Desde la reencarnación mesiánica a la tecnocracia, propuestas de legitimidad hay de todos los colores, tamaños y formas: los Monty Python jugaban con esta idea en una escena de Los Caballeros de la Mesa Cuadrada en la que unos campesinos increpaban al rey Arturo si le parecía lógico justificar su reinado en el hecho de que una extraña mujer en un lago le había entregado una espada. Efectivamente, como para todo problema filosófico y social, hay casi tantas posturas como individuos. Pero el consenso contemporáneo tiende a defender eso de la legitimidad democrático-constitucional, sosteniendo la legitimidad de las normas sobre la base de un contenido indisponible en el que no entran las mayorías y un ámbito diverso, referido a cuestiones menos trascendentales, en el que funciona la regla democrática. En una democracia constitucional asumimos un deber de acatar las normas, incluso aquellas que no nos gustan, porque nuestros derechos básicos se ven protegidos y porque podemos participar, siquiera indirectamente, en decisiones que nos afectan. Y porque, no menos trascendente, la alternativa sería el caos ajurídico, el totalitarismo o escenarios en los que cada cual decide en la esfera de su conciencia, à la Rudolf Laun, qué normas entiende como legítimas y cuáles no.

Es por todo ello por lo que las teorías sobre la desobediencia civil, desde Gandhi a Rawls, se las ven y se las desean para operar en democracias contemporáneas. Donde existe respeto a los derechos humanos y cauces de articulación democrática y depuración de posibles desviaciones, difícilmente se puede hablar de falta de legitimidad. La cuestión clave es que, en estos marcos, la legalidad no es mera fuerza coactiva, sino que cumple con los estándares admitidos de legitimidad en su sentido más fuerte. La alegada oposición de la legalidad española frente a la legitimidad catalana es, por tanto, un claro sofisma, entre otras cosas porque esta última, al querer ir en contra de los principios básicos del Estado de derecho y de su propio ordenamiento, sólo se reduce a una mera legitimación fáctica que, ni siquiera si superara la mitad de los votos, podría considerarse de por sí justificada.

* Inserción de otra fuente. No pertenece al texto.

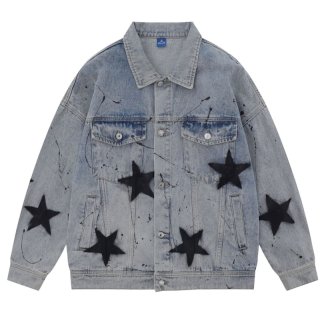 Star embroidered denim jacket ユニセックス 男女兼用 スター刺繍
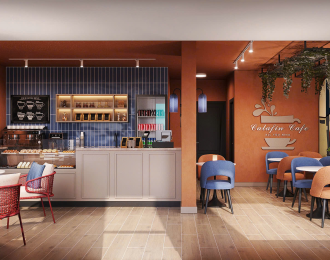 Gợi ý thiết kế quán cafe nhỏ đẹp, phối màu cam xanh tinh tế 
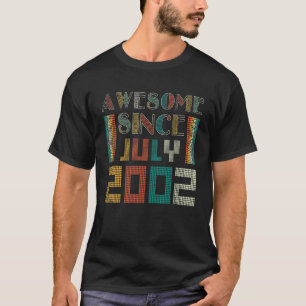 20 jaar Geweldige sinds juli 2002 20e verjaardag T-shirt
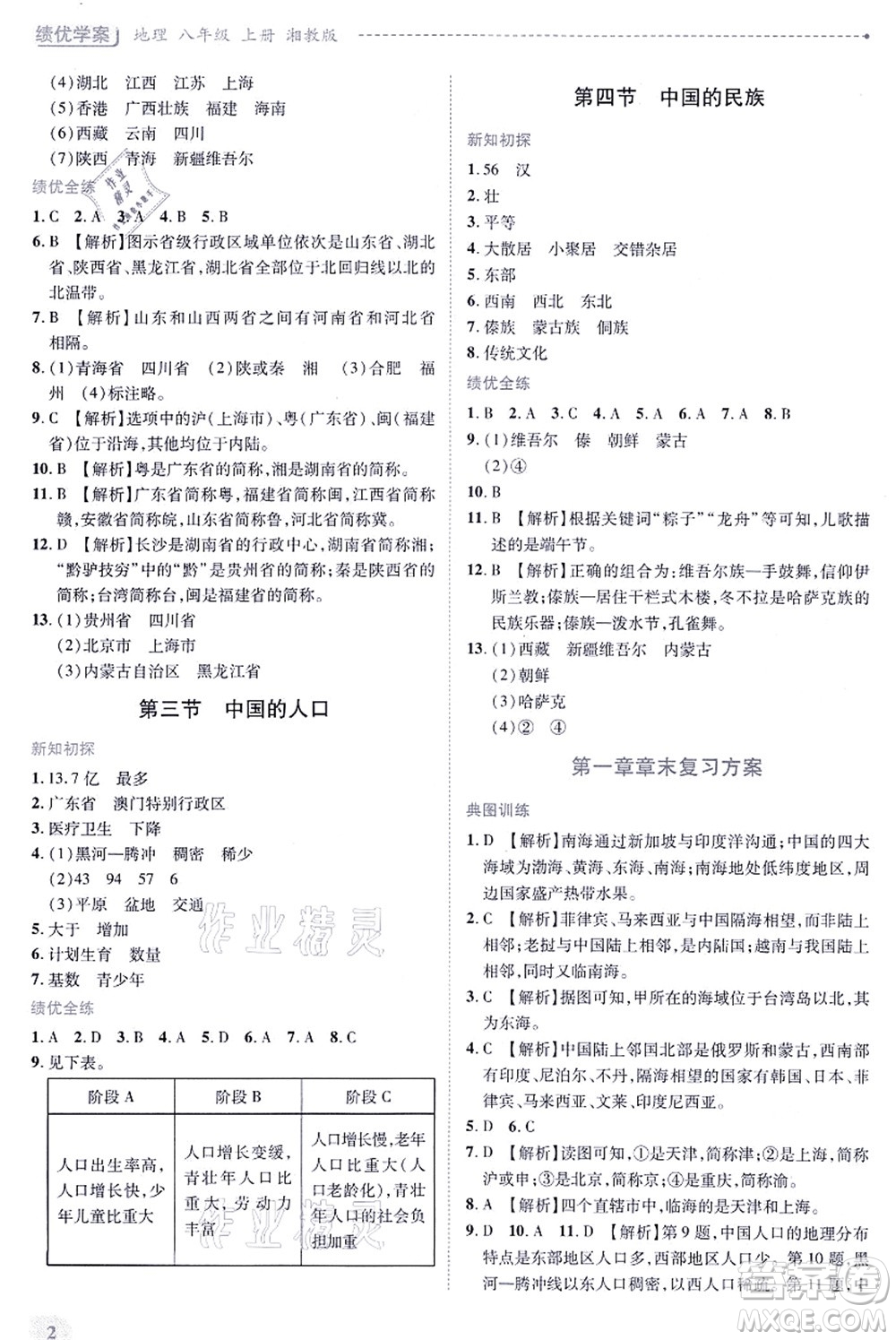 陜西師范大學(xué)出版總社有限公司2021績優(yōu)學(xué)案八年級地理上冊湘教版答案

Como quiera que la cercanía con esta realidad puede empañar nuestra mirada, puede ser ejercicio útil el rescatar las formas de los denostados analíticos. Tomemos distancia. En un Estado X, democracia constitucional cuasi-federal respetuosa de los derechos humanos, el Parlamento del ente subcentral Y, poseedor de amplia autonomía jurídico-política según el derecho comparado y en el que rige un sistema educativo de inmersión monolingüe en la lengua regional, aprueba una resolución Z que insta a la desobediencia al derecho procedente de X (a la par que el suyo propio) y emprender la secesión unilateral contando con menos de la mitad de los votos de su electorado. Por mera coherencia, sólo cabría concluir la ausencia de legitimidad de esa pretensión…o salir del marco consensuado jurídico-político y filosófico de la Modernidad occidental.